Disclaimer: I have not yet played Civilization V. I am basing this entire post on forum posts, angry reviewers, and other questionable sources. That said, I feel I should explore my prejudices before I play the game for the first time this week (it’s finally out for Mac OS X on November 23rd!).
Each Civilization game from the first up through the latest expansion for Civilization IV (Beyond the Swords) has built atop the previous iterations. Each adds new technologies and units to discover. Improving and expanding your civilization’s territory and culture becomes more complex as additional layers are added in (additional diplomacy options, religion, espionage). What I find the most interesting, however, is what is removed with each new game. Civilization III removed Partisans from capturing cities (militant units from Civilization II that would emerge from and surround a newly captured city, owned by the civilization under attack). With each official iteration of the game, from the first through the fourth, Barbarians were downgraded from massive hordes that would surround your unit when discovered to just a few units that instead wander the land on their own or peacefully exist within their own cities. Civilization IV removed city revolts – replacing it with a simpler mechanic of happy/unhappy citizens, which itself changed the way it felt to have an unhappy city. Your unhappy city still wasn’t very productive, but it wasn’t on fire anymore. Which always made me question: “How unhappy were those people really? Maybe they’re just lazy”.
Every time the game has changed in mechanics and systems, the feeling of the game has changed.

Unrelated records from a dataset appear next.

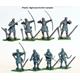 English Army 1415-1429 (36 figures)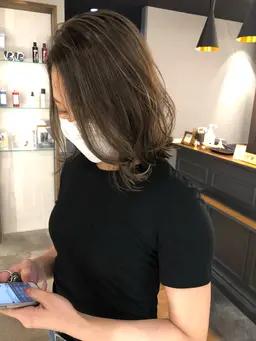 トップデザイナーによる似合わせカット+Aujua 4Step treatment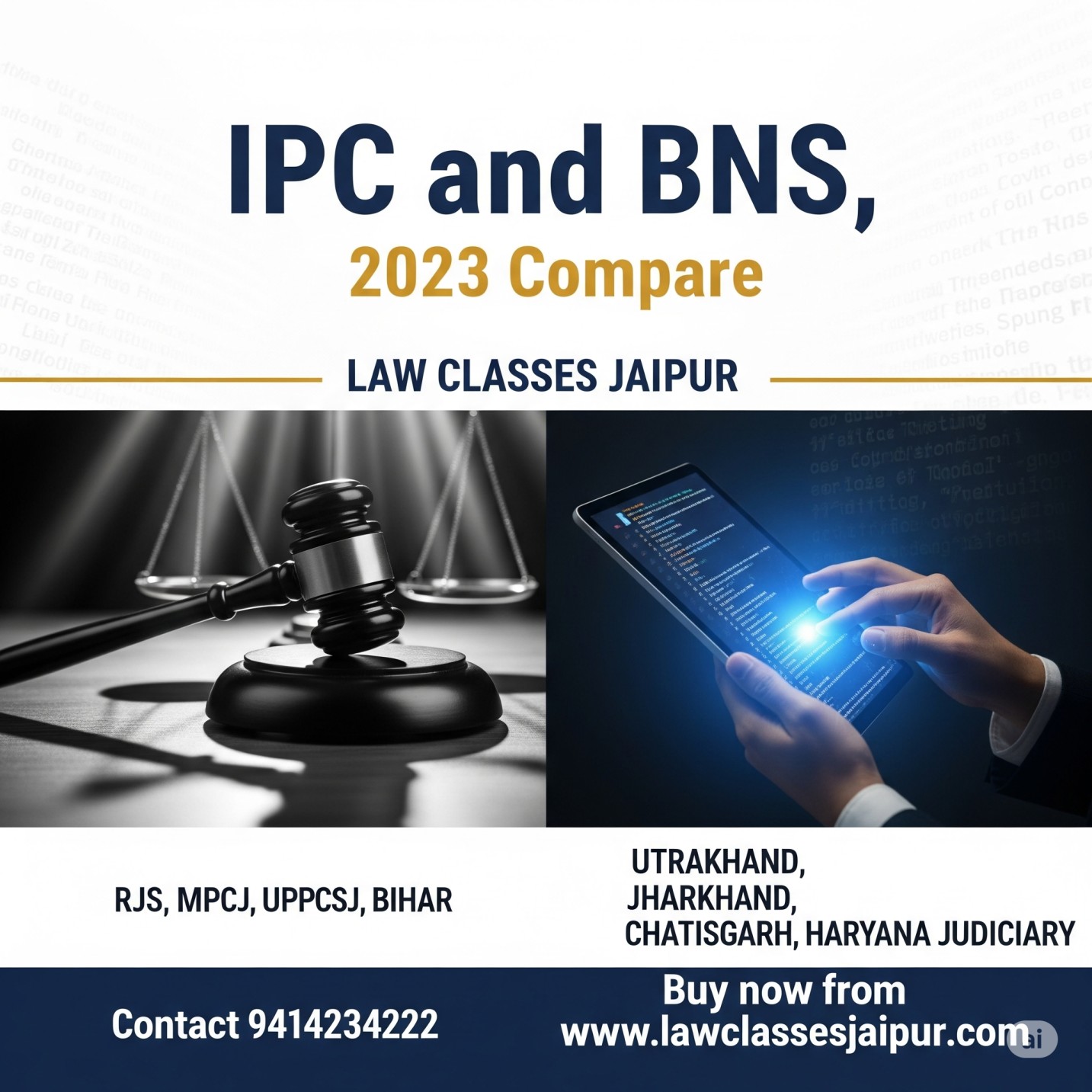 IPC and BNS, 2023 Compare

Civilization 1 always felt like a constant battle between my civilization and the barbarian hordes in the early game. My usual late game was defense – building as many units as I could support in each of my cities as I waited for the money and science to come in. Civilization 2 complicated this somewhat, and in Civilization 3 I finally felt like war was a worthwhile practice, at least midway through the game. I’d like to think I never engaged in needless battle in Civilization IV, but with a constant flux of culture (increasing the size of my civilization without needed to constantly build cities), border skirmishes became more common, resulting in the razing of people’s homes as I mentioned in the previous post.
So, Civilization V. As strategy gaming becomes less and less about managing unit statistics on hex maps and more about adopting eurogame style from board and card games like Dominion, Settlers of Cataan, and Puerto Rico, Civilization V moves towards a very specific type of wargame. By having single units (representing what, I’m not sure yet) on a hexagon grid the game becomes very much about the movement of pieces in patterns. I imagine that active, strategic war will be a very real thing in this game, something that up until Civ IV I’ve never had to give much thought to.
What has been removed since Civ IV is even more telling about what kind of game Civ V will be for me. For a game that is very much about moving pieces on a map (and knowing what the map of the world is like), map trading is gone. Tech trading is gone. Religion is gone. In fact, much about diplomacy that I loved (buggy as it was) in previous Civilization games looks to have been reduced. Because of this, I will be approaching Civilization V in a different way than the previous games. My naturally peaceful (yet greedy) play style will have to have teeth to get by. This might be why it’s taken me so long to play it.